Provided entries:

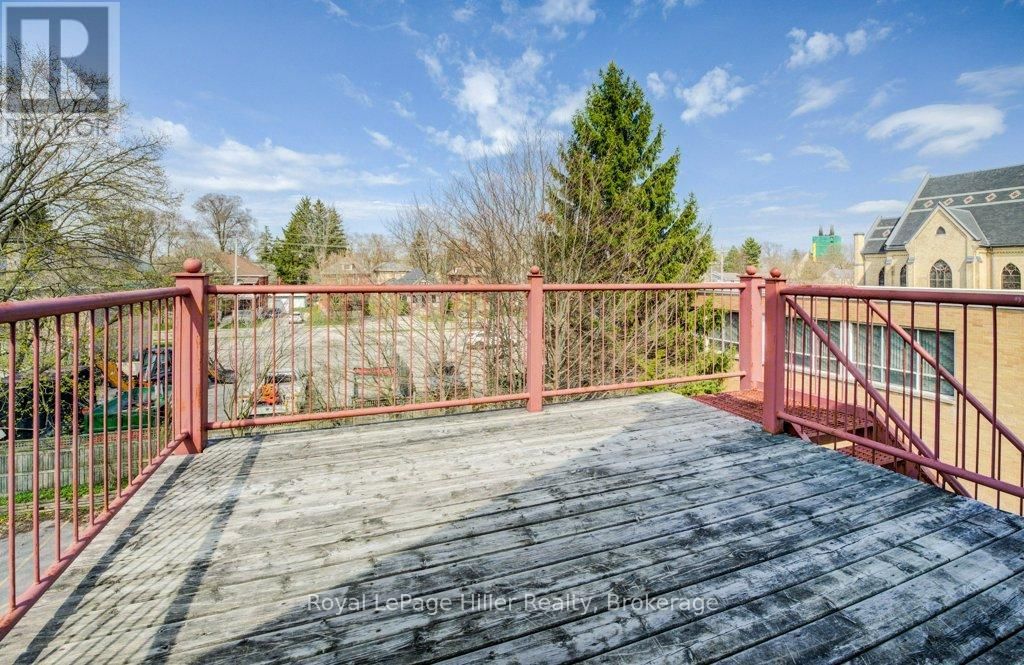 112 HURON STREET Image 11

--

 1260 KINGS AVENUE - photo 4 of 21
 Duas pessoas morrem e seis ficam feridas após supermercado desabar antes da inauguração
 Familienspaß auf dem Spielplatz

* * *

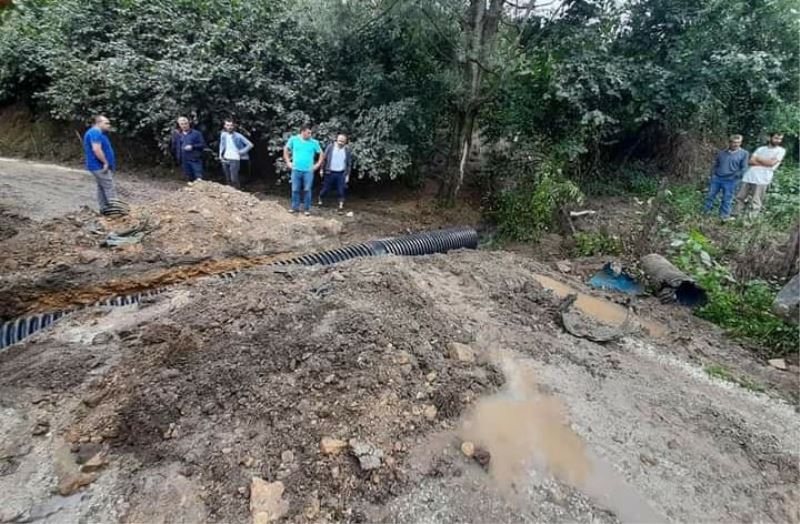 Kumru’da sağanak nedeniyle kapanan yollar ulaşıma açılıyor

Problem requirements: Extract from the records above the lines from the one containing "Duas pessoas morrem" to the one containing "Familienspaß auf dem Spielplatz", both lines included, exactly as they appear and with nothing else.

Response to this exercise:
 Duas pessoas morrem e seis ficam feridas após supermercado desabar antes da inauguração
 Familienspaß auf dem Spielplatz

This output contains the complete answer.